The only part of the process I dislike is sewing the signatures together.
Erin Morgenstern visited the Nashville Public Library. She's a sweet woman, so of course she needed to be taming that orange Bengal tiger. The Life of Pi author visited too, and it just dawned on me right this very second that I missed the opportunity of using that tiger. I did address an SASE and when it returns, I will add that. Work is never done.

Even though the circus is a dark topic, these circus crackers are just funny.
Surely, you also played with them before you ate them, like I did as a kid (okay, I still do).
Another item that was lying in the attic was a circus-cracker game. I photographed the game pieces, printed out the image and then glued and pained over that. Don't you just want to eat him?

There is something about those striped tents that make you want to go look inside.

Morgenstern and me getting eaten up by animal crackers.

This guy is getting a little worried about someone chewing on him.

Morgenstern autographed her book and a flyer. Don't worry the First Edition book and signature is safely tucked away in the Triangular Book Case.

At the Southern Festival of Books, I met Hannah Barnaby, so heck, why not include her new circus book into this journal?

And have her get carried away by a big ape. Who knows, this could be a fantasy of her's?

It wouldn't be fair to alter them and not doing something dumb to myself. I do love Big Cats.

The tent invites you in. I photographed the tents when there were in town (for the Fourth of July firework sellers), printed out the image and then painted over it.

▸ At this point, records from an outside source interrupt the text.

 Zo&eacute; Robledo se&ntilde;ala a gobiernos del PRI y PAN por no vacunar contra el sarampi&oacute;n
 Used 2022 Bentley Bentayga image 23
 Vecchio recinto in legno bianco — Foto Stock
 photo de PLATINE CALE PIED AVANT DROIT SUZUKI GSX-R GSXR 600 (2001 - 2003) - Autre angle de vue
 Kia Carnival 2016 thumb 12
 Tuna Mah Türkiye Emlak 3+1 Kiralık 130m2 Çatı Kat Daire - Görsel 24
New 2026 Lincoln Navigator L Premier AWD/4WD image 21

The center spread is the tent pole holding the whole thing together.

Of course my own big cat, Mimi, who sits on all my work during the process can not be overlooked. Ringmaster, yep, that sounds about right. Zane is in there too, but it's a secret to find him.

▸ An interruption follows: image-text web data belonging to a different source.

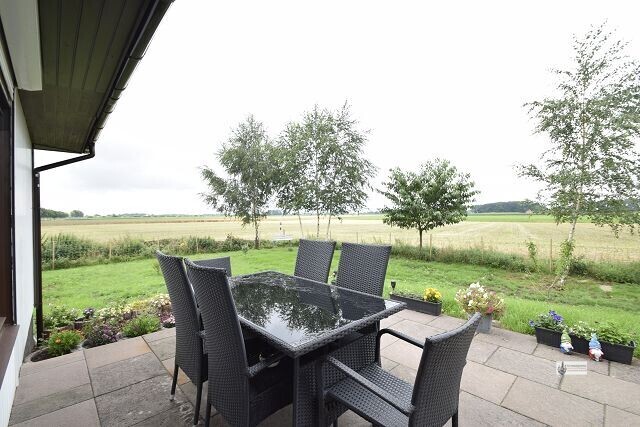 Große Terrasse mit freiem Blick über den Acker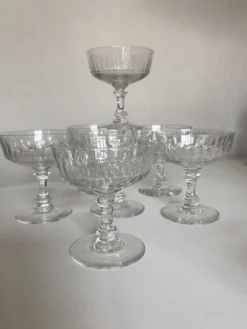 set de 7 coupes à champagne a cotes plates 19e en cristal sonnant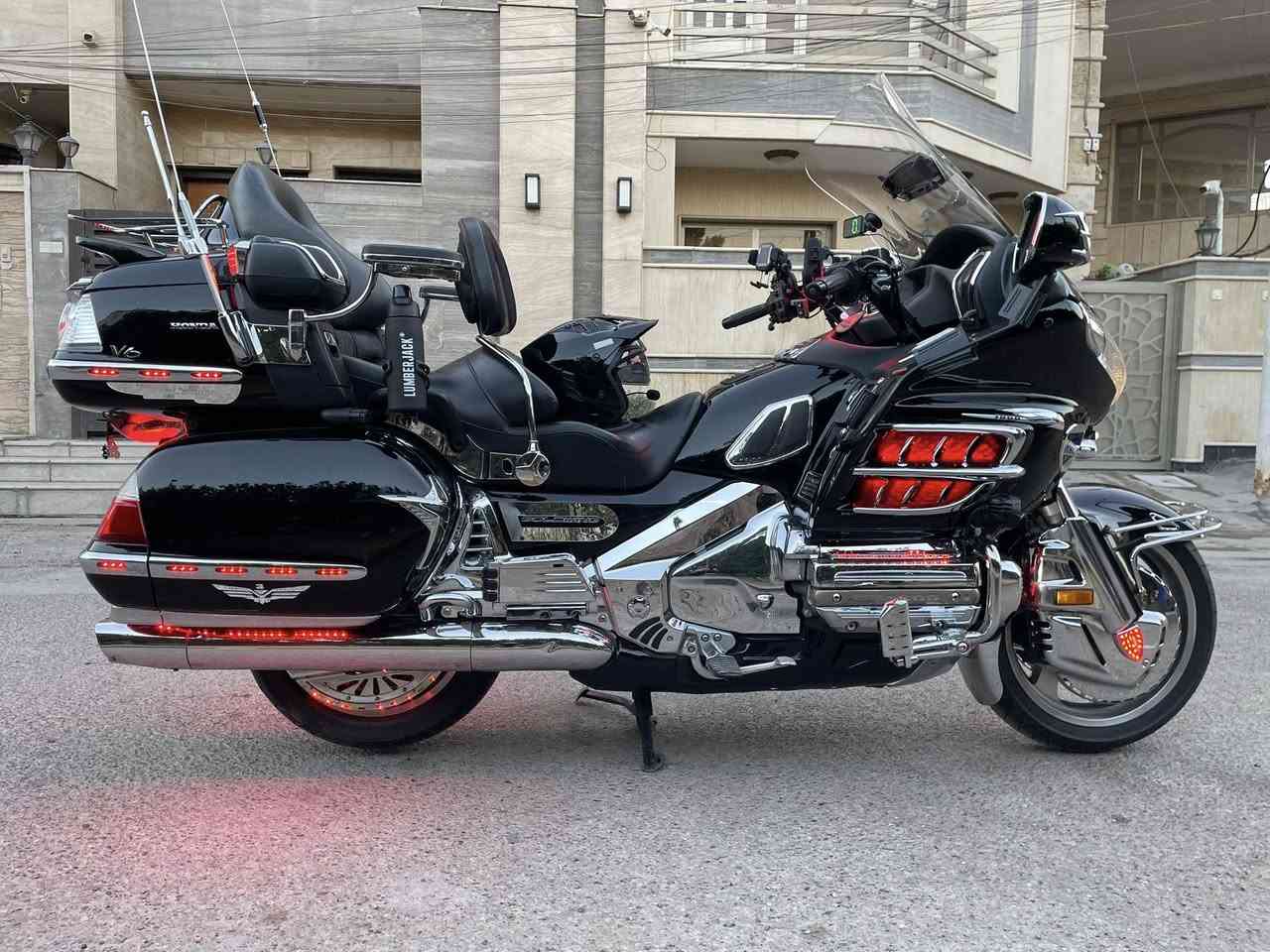 سلام عليكم
دراجه كولدن 
مديل 2006
لون اسود 
دراجت بدون رقم 
دراجه اني مستورده ع ايدي قبل سنه 
دراجه تخم تاير جديد قبل شهر شاده 
دراجه سستتم كامل 
دراجه كلين بدون حادث 
سعره شويه غاليه حق الستتم عليه شاري اتصل 

غير متواصل ع فيس 
شراي ودور جديد ونضيف اتصل ***********
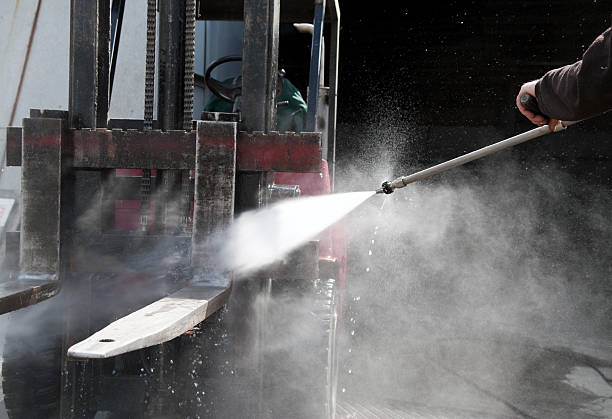 Best Concrete Pressure Washing  in Winthrop, IA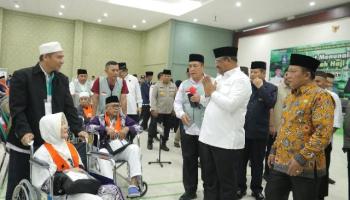 Lepas Jamaah Haji, Pj Safrizal Titip Doa Untuk Provinsi Bangka,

Jerry Lewis is an image that must be in my work. Now how do I include Jerry Lewis in a book about the circus? He did play Vaudeville which is circus like, but I wanted it to make complete sense. Then it struck me, by thinking of Jerry Lewis, that this circus journal was missing the last important thing about a circus. And yes, it's just dawned on you now.
The Clown.

Like the circus, the clown is also a bit dark and gloomy. Jerry Lewis's clown is the same way and the perfect obvious choice to be highlighted. The book is King of Comedy by Shawn Levy.

I love this creepy handsome duality.

We end with some popcorn. Seriously, I will take a photograph of anything, folks looked at me funny when I photographed the popcorn they served at the Morgenstern event, but you see it did come in handy, so who's right in the end?

 The end.
Note: Artist Leighanna Light held a class on Metal Art Journals in Nashville at the Art Is Life Retreat last Spring. Even though I was intimidated by her great journals and the fear of boring a hole in metal (and myself), I signed in anyway. Since then, I've made a bunch of metal journals and even had Mike Wolfe of the America Pickers sign my first found-junk one.